SG – Bir Rock grubunda baterist olarak müzik hayatınıza başladınız ve daha sonra “Tangerine Dream” adlı grup geldi. TD’de eletronik rock ve deneysel müziklere ağırlık verildi ve bunlar yer yer new age ögelerle birleştirildi. Bunu benzer bir tarzda Ash Ra Tempel grubu üyeliğiniz izledi. Kariyerinizin erken dönemlerinde akustik rock’tan elektronik rock’a yönelmenizdeki etkenler nelerdi?

KS – İlk olarak “Psy Free” adlı, gitar, klavye ve bateriden oluşan bir rock grubunda çaldım. Aslında daha önce gençken, ki bu aslında sayılmaz ama, temel olarak hep beat müziğine ilgi duydum.

TD’de biz her şeyi çaldık. Punk’tan deneysele ve hatta çok uçlara kadar. Ama kesinlikle bugünün moda tabiriyle “Ambient” denen müzik tarzı değildi çünkü çok farklıydı. Ayrıca o dönemlerde esinlenecek tek şey moda olan Broetzmann’in “Free Jazz”iydi.

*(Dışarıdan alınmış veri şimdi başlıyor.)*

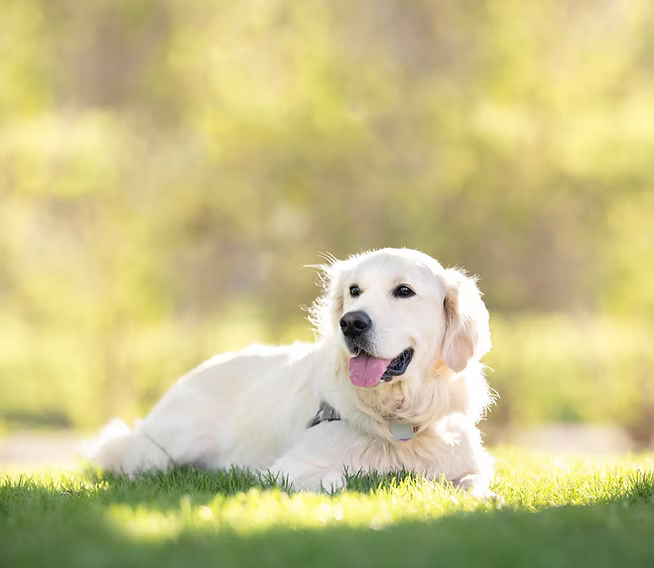 White dog lying on grass in a sunlit park, looking relaxed with tongue out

TD’deyken sürekli yeni ses ve enstrüman arayışım başlamıştı. O zamanlar çok basit aletlerden karmaşık sesler çıkarmaya çalışıyordum ve henüz synthesizer’lar yoktu. Örneğin TD konserlerinden kasetleri tersten çalmayı deniyordum ve Edgar (Edgar Froese, TD’nin kurucularından ve hala grupta kalan tek kurucu üye) bunu hiç sevmiyordu, o basit bir davulcu istiyordu. Unutmadan söyleyeyim o inanilmaz bir Hendrix hayranıydı. Berlin’deki bir Hendrix konseri için alt grup olmuştuk ve eminim bu Edgar için unutulmaz bir gündü.

Ash Ra Tempel ile çok daha güçlü hale geldi yaptığımız müzik. Grubun ilk albümünden “Amboss”’u dinleyin anlarsınız. Ash Ra Tempel’da deneylerimde daha özgür oldum. Birçok konserde ve kayıtta davul haricinde değişik, garip sesler kullandım.

Bir yıl sonra kafamdaki fikirleri tek başıma daha iyi yapabileceğimi düşündüm ve Ash Ra Tempel’dan dostça ayrılıp ilk solo albümüm için çalışmaya başladım. Aslında bunda hiç davul yoktu çünkü davullardan biraz sıkılmıştım açıkçası, özellikle de rock davullarından.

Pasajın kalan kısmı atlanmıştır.